CEO Guide to Business Incubators

The Number—and Variety—of Business Incubators Is on the Rise


The Number—and Variety—of Business Incubators Is on the Rise

Photograph by Thomas Barwick/Getty Images

A search for an office with an energetic vibe led Livefyre, a company that provides software for posting comments on websites, to undergo a rite of passage for new Silicon Valley businesses. It joined an accelerator, a sort of business academy for startups.

For eight months, the team sat in a bullpen with fellow entrepreneurs at KickLabs, one of a long list of accelerators in and around San Francisco. Anyone who needed help could get it from a neighbor or the accelerator’s staff, which regularly doled out advice and arranged meetings with potential investors. “There was high energy,” says Jordan Kretchmer, Livefyre’s chief executive. “The staff did a lot of walking about and asking, ‘Is there anything you need today?’”

Accelerators and their close cousins, business incubators, have become important launch pads for young businesses. Through coaching and connections, they help companies get through the wobbly toddler stage until they can stand on their own. Such programs vary widely in their duration, focus, and mission. That leaves a lot for entrepreneurs to consider before committing to one. Is a few months of coaching ideal, or a few years? Are programs focused on a specific industry better than a generalist approach? What about the cost, if any?

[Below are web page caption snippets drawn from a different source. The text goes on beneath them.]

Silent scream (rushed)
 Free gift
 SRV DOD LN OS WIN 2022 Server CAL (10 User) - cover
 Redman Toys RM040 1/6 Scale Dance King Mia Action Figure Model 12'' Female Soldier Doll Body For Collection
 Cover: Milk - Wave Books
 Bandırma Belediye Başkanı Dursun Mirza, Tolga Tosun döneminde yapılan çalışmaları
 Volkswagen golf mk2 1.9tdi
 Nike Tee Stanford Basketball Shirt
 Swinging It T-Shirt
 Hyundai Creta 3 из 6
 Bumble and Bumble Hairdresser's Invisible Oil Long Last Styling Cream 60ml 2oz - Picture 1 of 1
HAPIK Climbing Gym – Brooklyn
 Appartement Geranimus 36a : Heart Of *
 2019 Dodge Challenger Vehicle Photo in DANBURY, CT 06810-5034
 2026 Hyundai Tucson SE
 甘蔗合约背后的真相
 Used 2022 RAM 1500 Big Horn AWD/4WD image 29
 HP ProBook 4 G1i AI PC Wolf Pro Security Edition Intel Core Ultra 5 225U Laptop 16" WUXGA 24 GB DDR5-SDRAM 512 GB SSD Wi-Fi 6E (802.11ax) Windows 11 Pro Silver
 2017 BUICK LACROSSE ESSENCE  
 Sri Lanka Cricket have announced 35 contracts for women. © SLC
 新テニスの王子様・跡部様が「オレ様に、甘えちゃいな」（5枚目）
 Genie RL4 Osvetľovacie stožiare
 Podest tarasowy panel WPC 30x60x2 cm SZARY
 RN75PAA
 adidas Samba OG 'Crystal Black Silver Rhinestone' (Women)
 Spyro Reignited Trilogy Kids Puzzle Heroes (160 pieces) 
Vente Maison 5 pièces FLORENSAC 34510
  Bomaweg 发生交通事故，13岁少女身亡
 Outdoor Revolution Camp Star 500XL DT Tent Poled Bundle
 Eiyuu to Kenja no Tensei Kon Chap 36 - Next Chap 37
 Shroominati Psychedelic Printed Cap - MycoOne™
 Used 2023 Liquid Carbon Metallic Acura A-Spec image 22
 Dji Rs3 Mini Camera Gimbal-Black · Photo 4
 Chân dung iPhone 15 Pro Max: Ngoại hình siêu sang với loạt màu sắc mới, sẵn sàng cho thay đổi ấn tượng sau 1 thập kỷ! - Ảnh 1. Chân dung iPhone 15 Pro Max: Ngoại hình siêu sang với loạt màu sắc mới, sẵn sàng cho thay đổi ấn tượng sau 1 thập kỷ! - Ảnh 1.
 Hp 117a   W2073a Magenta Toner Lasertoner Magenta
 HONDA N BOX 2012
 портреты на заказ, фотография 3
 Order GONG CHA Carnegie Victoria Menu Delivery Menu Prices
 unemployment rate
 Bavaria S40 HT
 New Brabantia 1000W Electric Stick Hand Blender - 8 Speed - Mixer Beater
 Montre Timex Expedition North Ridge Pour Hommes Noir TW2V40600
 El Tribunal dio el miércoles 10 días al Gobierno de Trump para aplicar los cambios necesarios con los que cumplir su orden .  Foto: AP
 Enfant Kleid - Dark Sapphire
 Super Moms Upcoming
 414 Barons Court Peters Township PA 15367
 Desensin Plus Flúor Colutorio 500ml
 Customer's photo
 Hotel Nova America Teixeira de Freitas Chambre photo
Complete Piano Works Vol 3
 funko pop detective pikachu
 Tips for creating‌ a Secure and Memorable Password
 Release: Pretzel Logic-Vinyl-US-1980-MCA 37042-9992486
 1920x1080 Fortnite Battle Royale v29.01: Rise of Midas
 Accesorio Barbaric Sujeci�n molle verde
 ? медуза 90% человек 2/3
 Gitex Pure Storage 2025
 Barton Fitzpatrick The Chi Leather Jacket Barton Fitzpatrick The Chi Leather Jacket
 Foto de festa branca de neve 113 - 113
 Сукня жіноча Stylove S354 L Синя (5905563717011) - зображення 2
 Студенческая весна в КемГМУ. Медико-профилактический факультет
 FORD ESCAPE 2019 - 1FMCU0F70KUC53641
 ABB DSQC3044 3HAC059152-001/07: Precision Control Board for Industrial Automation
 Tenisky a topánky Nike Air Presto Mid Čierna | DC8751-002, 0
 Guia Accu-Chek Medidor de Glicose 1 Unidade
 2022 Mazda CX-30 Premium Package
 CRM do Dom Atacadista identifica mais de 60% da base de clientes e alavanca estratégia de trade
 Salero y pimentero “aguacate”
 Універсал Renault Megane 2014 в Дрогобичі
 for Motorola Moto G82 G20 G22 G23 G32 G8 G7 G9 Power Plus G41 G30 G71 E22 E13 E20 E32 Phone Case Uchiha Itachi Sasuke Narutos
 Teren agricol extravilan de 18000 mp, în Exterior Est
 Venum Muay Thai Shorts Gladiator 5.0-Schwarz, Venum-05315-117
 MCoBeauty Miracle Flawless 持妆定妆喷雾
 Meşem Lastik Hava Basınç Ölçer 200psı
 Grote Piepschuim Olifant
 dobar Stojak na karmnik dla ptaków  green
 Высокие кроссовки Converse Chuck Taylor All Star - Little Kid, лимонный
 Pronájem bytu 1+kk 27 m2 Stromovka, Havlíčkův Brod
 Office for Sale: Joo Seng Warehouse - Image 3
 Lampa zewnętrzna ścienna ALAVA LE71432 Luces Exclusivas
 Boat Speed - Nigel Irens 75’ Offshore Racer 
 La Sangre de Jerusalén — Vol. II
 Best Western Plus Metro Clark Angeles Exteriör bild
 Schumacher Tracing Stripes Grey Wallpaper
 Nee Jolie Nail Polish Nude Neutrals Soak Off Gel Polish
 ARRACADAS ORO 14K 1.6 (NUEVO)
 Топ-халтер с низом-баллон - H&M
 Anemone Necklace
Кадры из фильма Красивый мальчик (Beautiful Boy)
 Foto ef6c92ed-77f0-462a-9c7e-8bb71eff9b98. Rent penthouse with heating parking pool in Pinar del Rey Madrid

Of course, going through an incubator or accelerator is no guarantee that a business will ultimately thrive. New companies fail all the time, with or without intensive coaching. The question is whether success rates are any higher for graduates of such programs. Unfortunately, there is no easy answer. What is clear is that there are a lot of incubators for new companies to choose from. Last year, the U.S. had 1,250 incubator programs, according to the National Business Incubation Association, a trade group with 2,100 members in 60 countries.

Incubators have existed for some time. But the phenomenon gained momentum in the 1980s and has since expanded worldwide. “Public recognition of the industry has grown tremendously,” says Tracy Kitts, acting chief executive of the incubator association. “It used to be that I’d be in a roomful of people, and only one person would know what I was talking about. That’s not the case anymore.”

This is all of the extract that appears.